A recent report from the state Data Center in Fargo revealed a boomlet in the number of preschoolers in North Dakota’s oil patch. The numbers were surprising and encouraging in light of the west river country’s decades of depopulation. But the test will be whether the snapshot is the start of a trend, and whether a trend will evolve into sustained population growth, or at least stability. Given the region’s history, it might be wise to hold the applause.

By: The Forum of Fargo-Moorhead, The Jamestown Sun

A recent report from the state Data Center in Fargo revealed a boomlet in the number of preschoolers in North Dakota’s oil patch. The numbers were surprising and encouraging in light of the west river country’s decades of depopulation. But the test will be whether the snapshot is the start of a trend, and whether a trend will evolve into sustained population growth, or at least stability. Given the region’s history, it might be wise to hold the applause.

According to Census figures, oil counties saw a 20 percent or more jump in the number of preschoolers in the past 10 years, a clear indication that young families have either stayed in or moved into the region. Eight counties and the patch’s largest city, Williston, counted strong increases in the number of children under 5 years old. The numbers are very good for cities and counties that have been bleeding young families for years.

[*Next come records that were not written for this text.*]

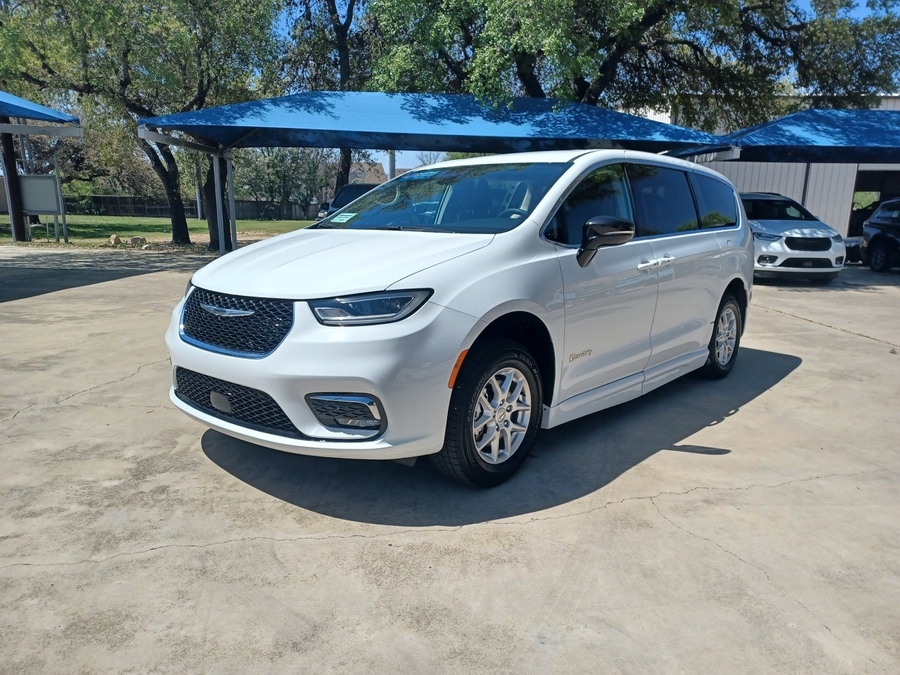 White Chrysler Pacifica image number 5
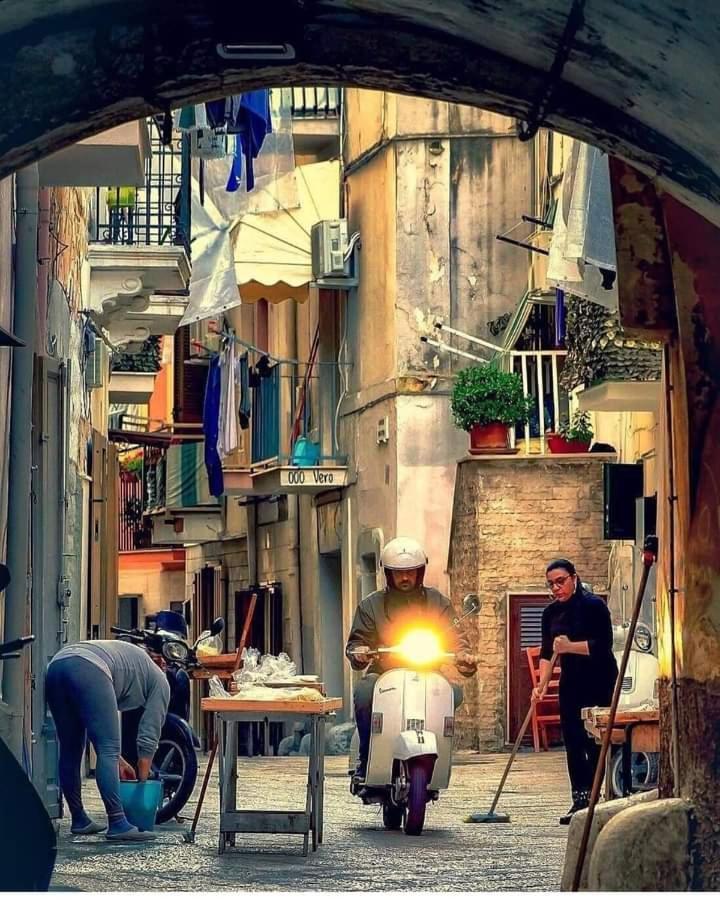 Bed and Breakfast Dimora Dei Veneziani Бари Экстерьер фото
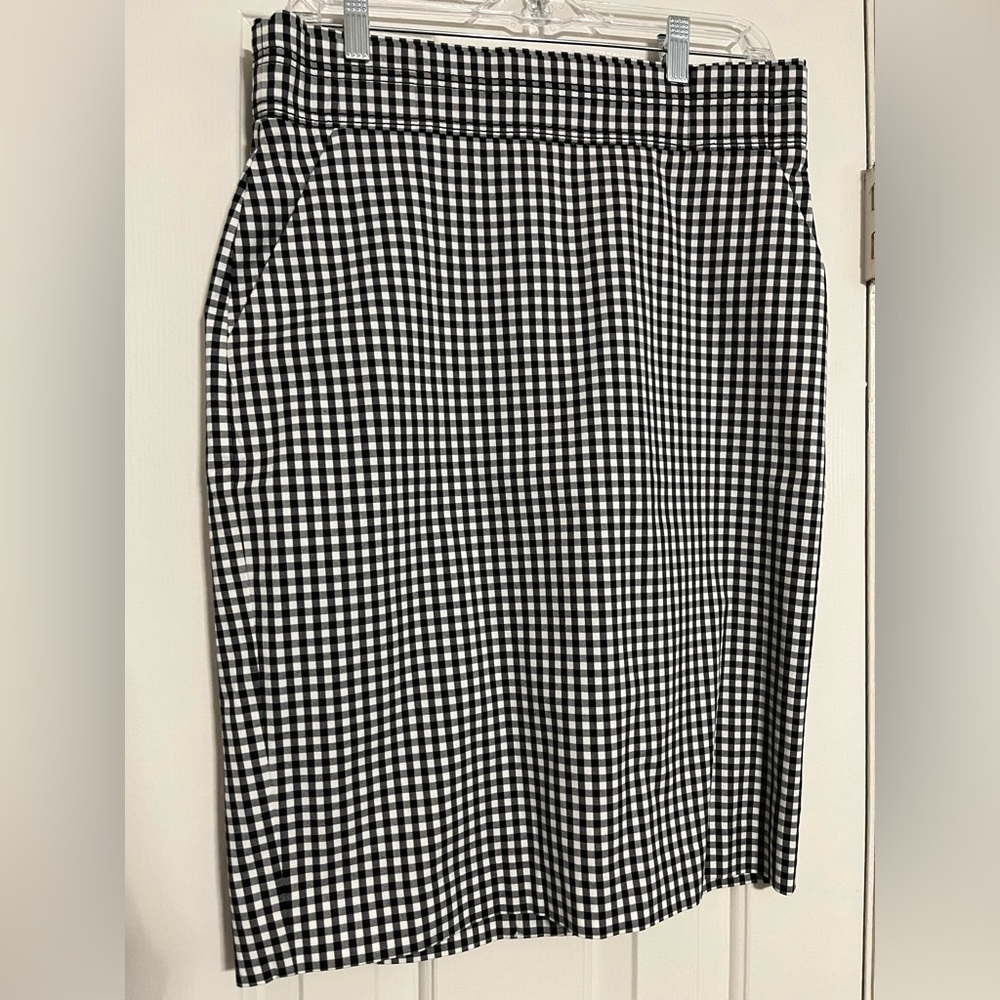 Ann Taylor Gingham pencil skirt NWT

The population change will affect the way public officials plan for schools, housing and public facilities. It can affect private investments in amenities geared toward young families. More kids and young families will demand good schools. They will not settle for the substandard, high-priced housing that plagues oil patch communities today.

And there’s the dilemma.

Consider that the other two places in the state that saw 20 percent or more jumps in the populations of children under 5 were Bismarck/Burleigh County and Fargo/Cass County. While it can be argued that oil patch activity had a slight effect in Bismarck, the capital city’s growth has not been dependent on the oil and natural gas boom. Fargo and Cass County have been growing steadily without an oil development factor. Both cities have job bases and economic engines that are diversified and vigorous. They do not rely on one economic driver. They have developed strategies for business flexibility and management agility that sustain an economy in good and not-so-good times. That is not a description of an energy boom, no matter how bright and hopeful the promise.

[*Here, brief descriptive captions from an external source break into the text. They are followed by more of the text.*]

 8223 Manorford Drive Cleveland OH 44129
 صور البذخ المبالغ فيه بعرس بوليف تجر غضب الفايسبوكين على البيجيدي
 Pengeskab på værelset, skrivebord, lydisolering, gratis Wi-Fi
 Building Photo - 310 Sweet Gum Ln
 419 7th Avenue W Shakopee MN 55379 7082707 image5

Therefore, investors and developers are cautious. They know that should the oil boom fade (a global decline in the price of crude?), most of the young families who followed the boom north will disappear like early season frost in the sunrise.

As North Dakotans have seen too many times, a one-horse economy — oil or agriculture — will stall when the horse sickens or dies. The preschooler numbers from the west are heartening, but to assume they are a permanent phenomenon would be foolhardy.